Park Record File Photo

The Summit County Services Building in Kamas was finally opened to the public last week, but the county is still planning on pursuing a damages claim against the contractor of the building once the Senior Center portion of the building is complete.

The nearly $6 million facility houses the Kamas Branch of the Summit County Library, as well as offices for the Department of Motor Vehicles, Health Department and Valley Behavioral Health. Other amenities include a space for public meetings and a computer classroom. Those spaces were opened on April 2.

A new South Summit Senior Center within the building is still under construction, however. It is expected to be complete before the end of April, according to Summit County Manager Tom Fisher. Additionally, all of the screws for the outside siding need to be replaced.

“There are a couple of things we are still working on that need to get finished up,” he said.

The building was originally expected to open in October, but completion was pushed back several times. Plans were then announced to hold a soft opening in January, but construction delays prevented it from happening.

Last month, the county announced it intended to seek a damages claim against Spindler Construction, the contractor hired to build the library, for the delayed opening. Penalties have been amounting at $500 a day since Feb. 15 when an addendum was added to the contract describing how the damages claim will be processed, Fisher said.

“We found out it all goes back to the siding,” Fisher said. “It was not something the contractor was as familiar with and got trained on. There was also perhaps some haste to get it finished at the end which may have caused some of the quality to suffer. That will get fixed before it is done.”

Fisher met with the county’s legal team last week to discuss how and when to proceed with a damages claim. He said the claim will solely be based on the timeline for construction and the penalties will continue to incur until the hearth in the senior center and the outdoor siding are complete.
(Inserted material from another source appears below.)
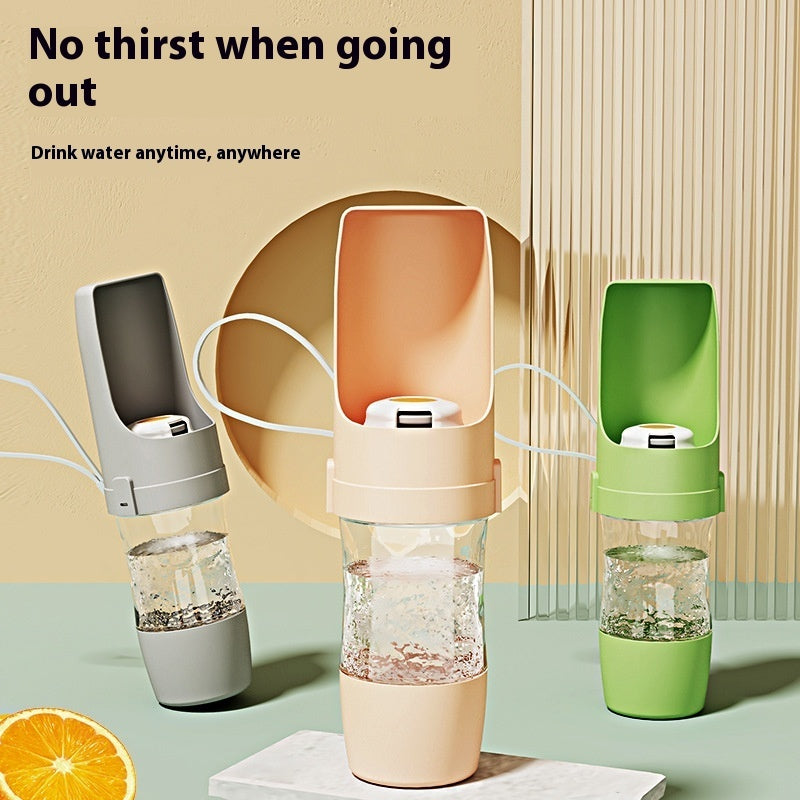 Shopi Vella portable dog water bottle in gray peach and green colors for easy hydration on the go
“We plan on making that claim as soon as we see those things are done,” he said. “The other part of the contract is a retainage amount, meaning we will hold back a certain amount of dollars in the contract until everything is done. We will also hold back the amount of damages we are claiming and then we will begin the process of negotiating.”
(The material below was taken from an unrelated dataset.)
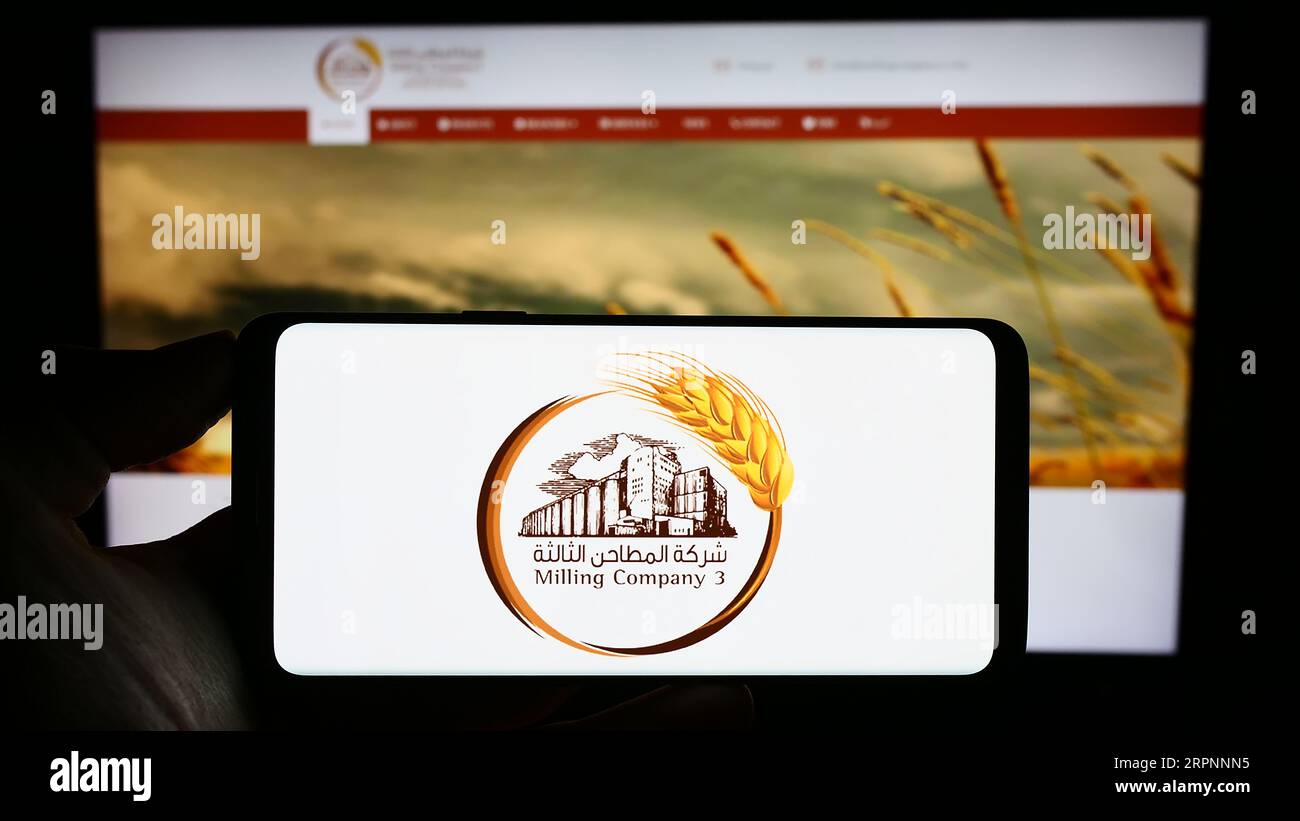 Persona che possiede il cellulare con il logo dell'azienda saudita Milling Company 3 (MC3) sullo schermo davanti alla pagina Web. Concentrarsi sul display del telefono. Foto Stock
The delays have affected the services that will be housed in the new building. The Kamas Branch of the Summit County Library and county health services were opened in temporary spaces while the building was under construction. Both were closed in December in anticipation of the new building opening in January.

Seniors are still utilizing the current South Summit Senior Center space at 34 E. 400 S. in Kamas in the interim.

“The way I look at it as the county manager, we have a responsibility with the public’s dollars and that’s what our damages claim is going to cover,” Fisher said.

Mike Spindler, vice president of Spindler Construction, has blamed the setbacks on issues with the sub-contractor for the siding, as well as changes architectural changes. Spindler was not available for comment. The negotiations with the county will likely include representatives of Spindler Construction and Method Studio, the architect.

“Any issues that the contractor has he has to take up with the architect,” Fisher said. “My guess is if we make a damages claim the contractor and architect will also be making some claims against each other based on what we are claiming. That is where the discussion will start and where that ends up, I can’t predict at this point.”

Fisher explained that the action could result in litigation as a last resort. He said the county is prepared to move in that direction. However, provisions within the contract stipulate the county will make all attempts to negotiate, mediate and dispute.

Fisher was unsure whether the claim will end up in formal mediation and who from the county attorney’s office will be involved.

“We are always prepared to defend our county and the public interest,” he said. “But, you are always making a judgment based on how good you think your claim is, the dollar amounts involved and the staff time and energy expended in litigation as opposed to what you might recover.”

County officials were given a formal tour of the building last week and expressed an overall satisfaction with its completion. Fisher emphasized the claim is based on the timeline, not the quality of the building.

“We think it is pretty good and I think we are very pleased with the project,” he said. “The public has had a very positive reaction. We love the way the library is operating. We like the Health Department space a lot and are very pleased with the open meeting room and the senior center. I think the seniors will be pleased with it as well once they get moved in.”